Most attractive was investment banking. The field had lured a stream of former Carter officials: Altman and Peter Solomon from Treasury, Josh Gotbaum and Ralph L. Schlosstein from Stuart Eizenstat's domestic policy office, David Aaron from the National Security Council. Most of them were at Lehman Brothers, which, in contrast to the more hidebound, blue-blooded banks, frequently hired people on the basis of experience (and connections) in government. Peter G. Peterson, the man at the top, had been Richard Nixon's commerce secretary.

Over dinner, Altman lobbied his young friend on behalf of Lehman. It was a good time to become an investment banker. Banking was changing, and Rattner had the personality for its competitive new encironment of short-term relationships. His persuasive skills would be useful for selling clients on deals, Altman told him. Working a client wasn't so different from working a source. Rattner also knew how to handle himself in the presence of important people like Paul Volcker. Finally, Rattner's skill in reporting on complex economic matters would help him on Wall Street. "He could understand the interplay of legal, tax, regulatory, and finance questions, very complex stuff,' Altman says now, "to look at things like a three-dimensional chess game.'

Altman was certainly right about its being a good time for banking. The new spirit of competition brought about by deregulation combined with the rise of a new materialist ethic, especially in Manhattan, had made investment banking glamorous in much the same way that journalism had been in the years after Watergate. Investment bankers and arbitragers like Bruce Wasserstein and Ivan Boesky were bing profiled in mainstream publications like Esquire and The Atlantic. Expanded newspaper financial sections reported on the human drama behind merger battles. Radio stations quoted the gold price between rock songs.

But was this the right world for Rattner? As a student at Brown, Rattner had written idealistic editorials proclaiming that the country's moral fiber was "weak' and denouncing "global . . . corruption and disdain.' It would seem only natural for such a person to wonder aloud whether Lehman Brothers offered avenues for socially useful work. It's possible to imagine circumstances in which it might: raising capital for new companies that would create jobs, for example, or helping workers to buy a factory, as Rattner's friend Josh Gotbaum had done for Weirton Steel while working at Lazard Freres. Indeed, such possibilities might conceivably have promised greater idealistic fulfillment than reporting for the Times. But Altman does not recall that Rattner raised the question of whether investment banking was meaningful work except, he said, "in this sense. He wanted to know whether he'd be fulfilled by banking. Was it overly narrow?' Rattner asked Altman whether investment bankers ever lifted their noses from their spread sheets. He was a young man who had lived abroad and traveled widely. He had a feeling for good art. Altman assured Rattner that he would meet people who shared his intellectual curiosity and cultivation.
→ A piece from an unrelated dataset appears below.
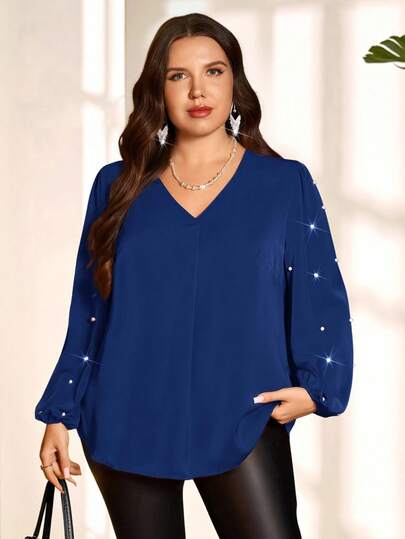 Miaspire Plus Size Women Pearl Decor V-Neck Blouse/Summer/Spring/Vacation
Rattner took the job at Lehman. Barely a year and a half later he moved to the New York Times of investment banking, Morgan Stanley & Company, where in 1985 he brought in a stunning $33 million in fees. After just 18 months at Morgan Stanley, he was promoted, at age 33, to "principal,' a partner who cannot vote on firm policy. The jump usually takes six years.

When he left the Times, Rattner was earning about $50,000 a year; last year he is said to have made as much as a million. At Morgan Stanley Rattner specializes in deals involving communications companies. Most of his time is devoted to mergers and acquisitions--helping to buy and sell media properties. In some cases, these efforts may have served to compromise the editorial quality of news organizations that, like The New York Times, have been known for valuing the product more than the bottom line.
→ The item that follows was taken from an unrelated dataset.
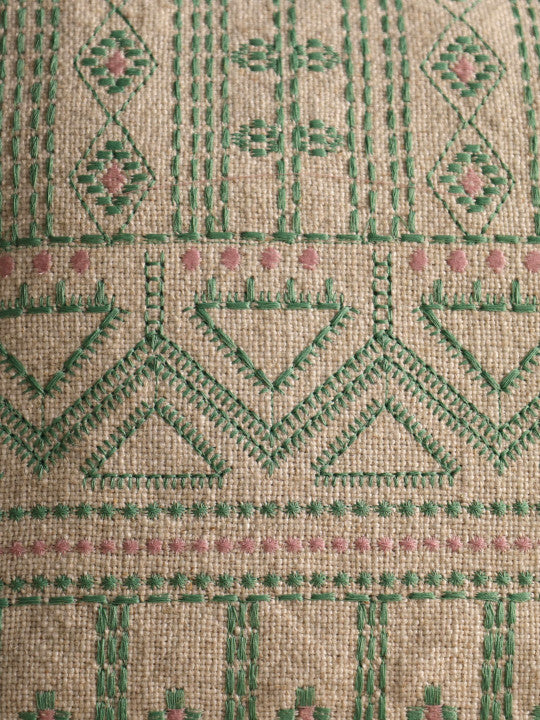 Elongated Decorative Pillow Cover – Flax Blend Fabric with Detailed Embroidery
In any age, there are certain people who, because they are both very smart and unusually reactive to their society, help illuminate prevailing values through their actions. One thinks of Gerals and Sara Murphy, who presided over a salon of expatriate writers in the south of France during the 1920s, or, on a more frivolous level, Jerry Rubin, who went from yippie to a Studio 54 "networker' in the 1960s and 1970s. Rattner's life hasn't been as glamorous as the Murphys' or as opportunistic as Rubin's, but it seems similarly emblematic of the spirit of the times. Rattner is extremely talented. "I hate to sound like a sap, but he has a brilliant mind,' says Times reporter James Brooke. But Rattner's career path, impressive as it is, has a conformist quality that calls to mind the Woody Allen character Zelig, the "chameleon man' who always took on the coloration of those around him. When journalism defined the spirit and values of a generation, Rattner was a journalist. Now that investment banking defines those things, he is an investment banker. This chameleon quality makes Rattner an instructive case study of the process by which many of today's best and brightest have lost interest in making a difference with their lives. In trying to understand Rattner's life choices, we might help ourselves understand what has gone wrong with our culture.

The nobrainer

"It's tough to be a first child brought up in a place like Great Neck [Long Island] and not be a little hard-driving,' Rattner told me when we met one Saturday afternoon at a delicatessen near Central Park. Especially, one imagines, in a family of achievers like the Rattners. One associate of Rattner suggested that half of Rattner's motivation in life was the desire to please his mother, a forceful woman well known for her preservationist activities on behalf of Grace Church in Greenwich Village. When I called Selma Rattner she wanted to be sure that I didn't overlook the achievements of Steve's sibling--a doctor daughter and an architect son.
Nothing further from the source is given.